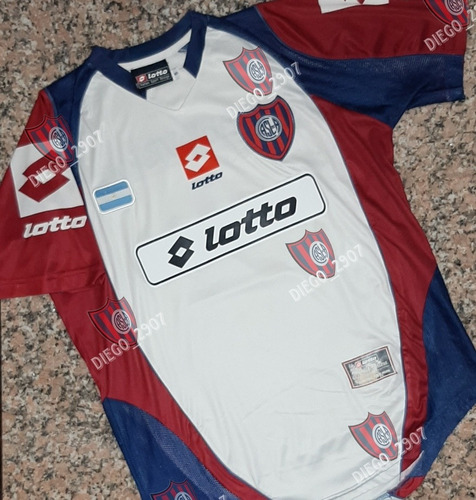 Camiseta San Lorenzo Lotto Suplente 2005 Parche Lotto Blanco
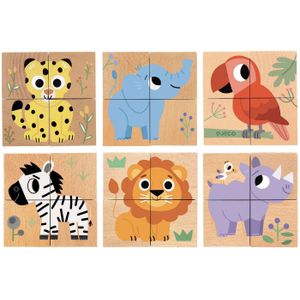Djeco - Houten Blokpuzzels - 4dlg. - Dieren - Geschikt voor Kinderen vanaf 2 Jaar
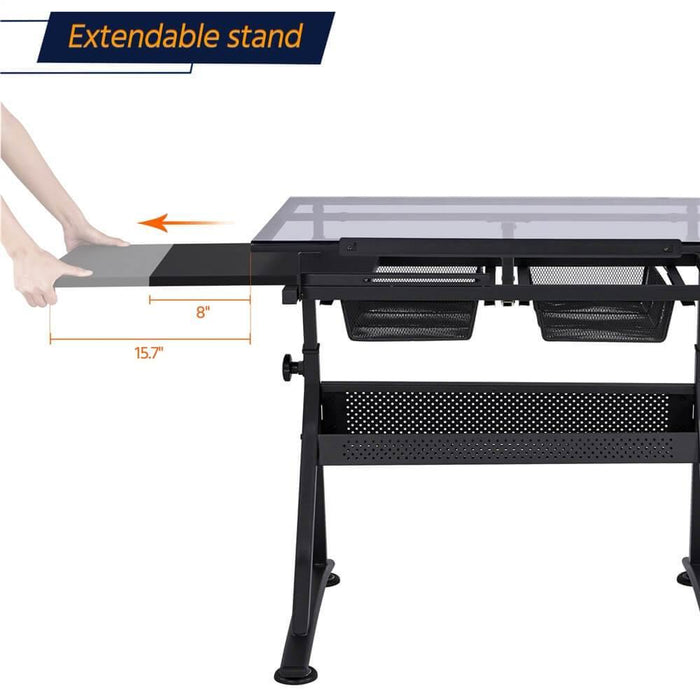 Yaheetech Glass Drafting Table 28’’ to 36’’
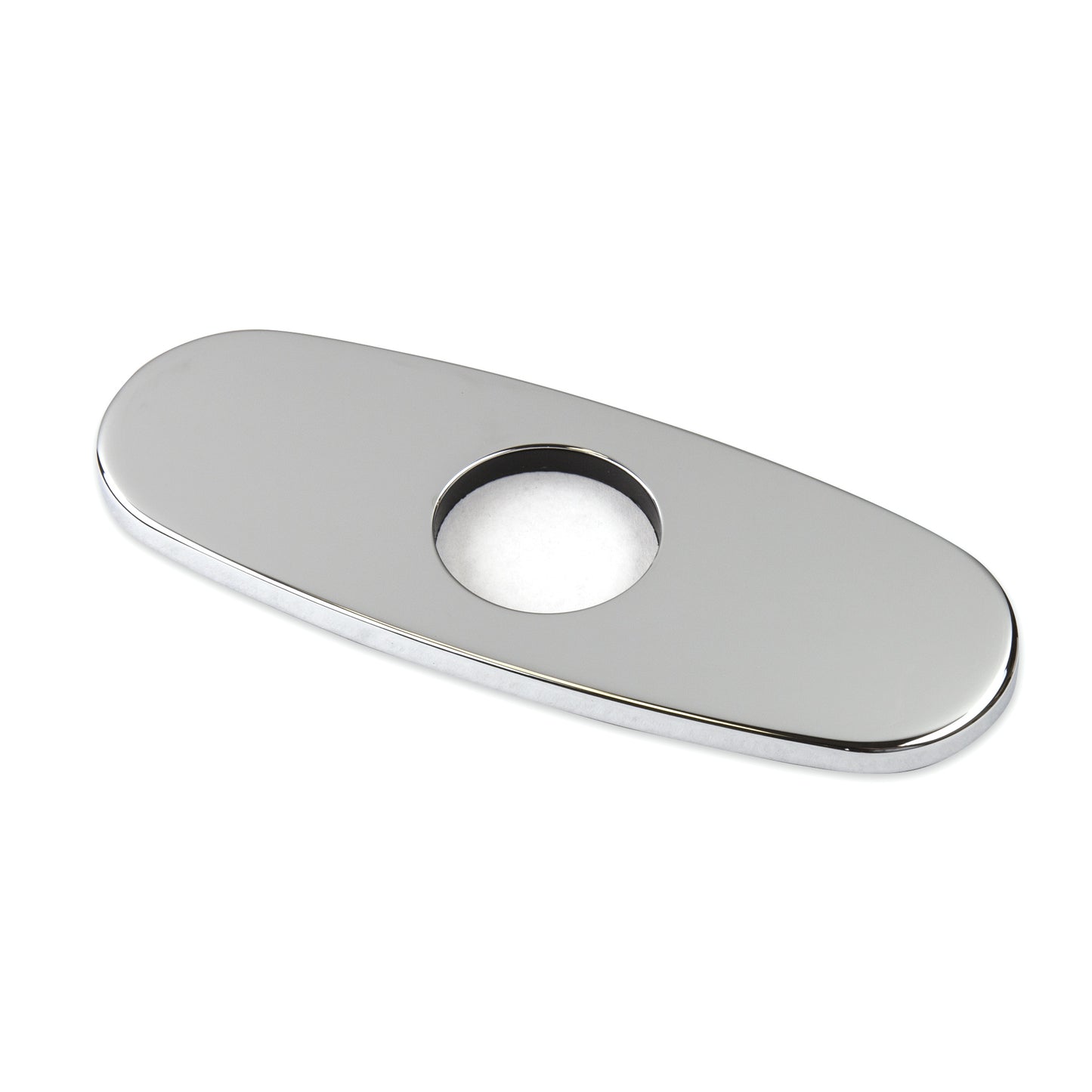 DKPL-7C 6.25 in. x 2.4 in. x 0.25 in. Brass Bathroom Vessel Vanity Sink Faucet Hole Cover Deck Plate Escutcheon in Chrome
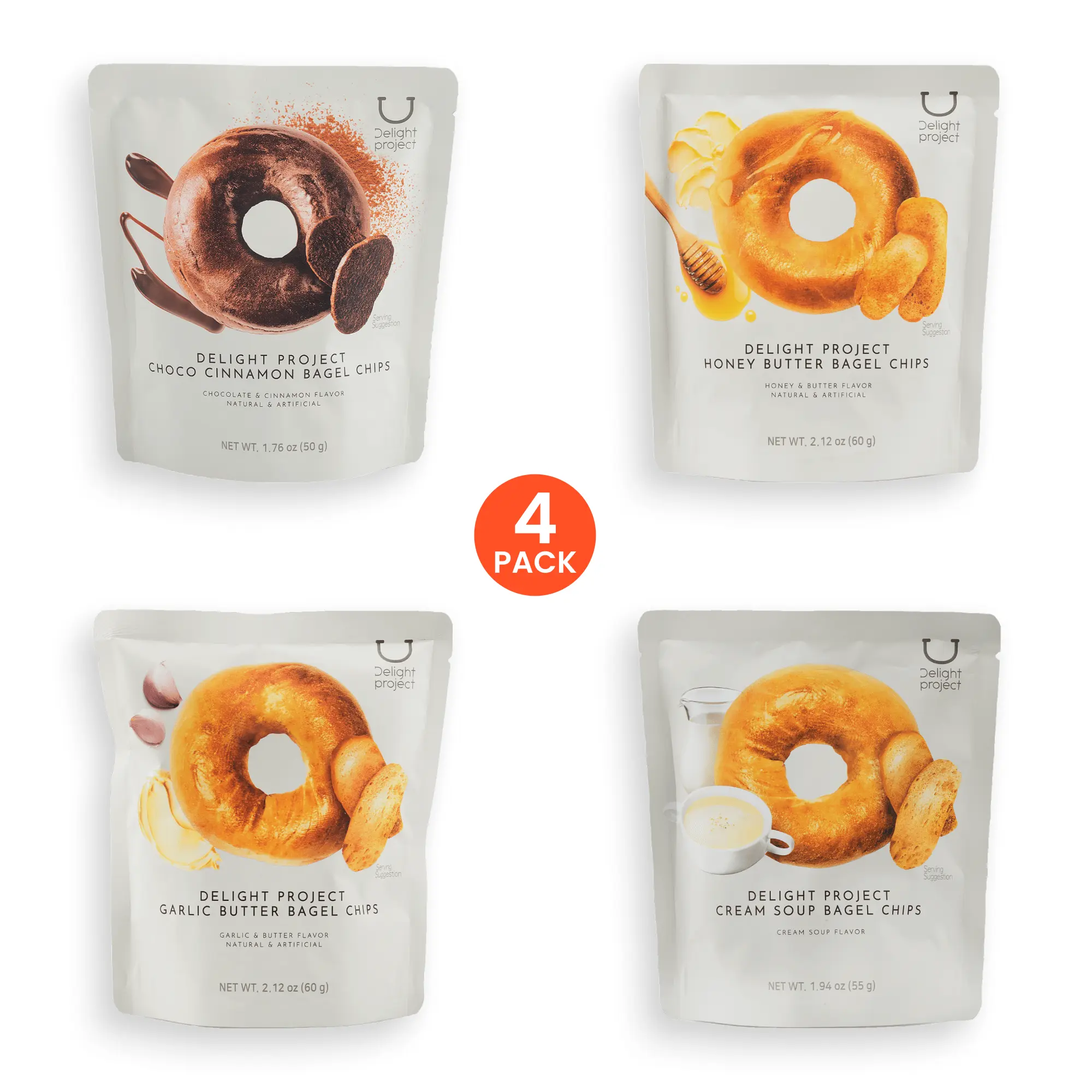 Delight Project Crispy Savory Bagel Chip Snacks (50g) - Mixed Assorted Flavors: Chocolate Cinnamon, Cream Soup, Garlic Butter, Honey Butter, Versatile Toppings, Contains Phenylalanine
=-=-=-=-=
TASK DETAILS:
Please write out every entry exactly, but skip the pictures.

RESPONSE:
 Camiseta San Lorenzo Lotto Suplente 2005 Parche Lotto Blanco
Djeco - Houten Blokpuzzels - 4dlg. - Dieren - Geschikt voor Kinderen vanaf 2 Jaar
 Yaheetech Glass Drafting Table 28’’ to 36’’
 DKPL-7C 6.25 in. x 2.4 in. x 0.25 in. Brass Bathroom Vessel Vanity Sink Faucet Hole Cover Deck Plate Escutcheon in Chrome
 Delight Project Crispy Savory Bagel Chip Snacks (50g) - Mixed Assorted Flavors: Chocolate Cinnamon, Cream Soup, Garlic Butter, Honey Butter, Versatile Toppings, Contains Phenylalanine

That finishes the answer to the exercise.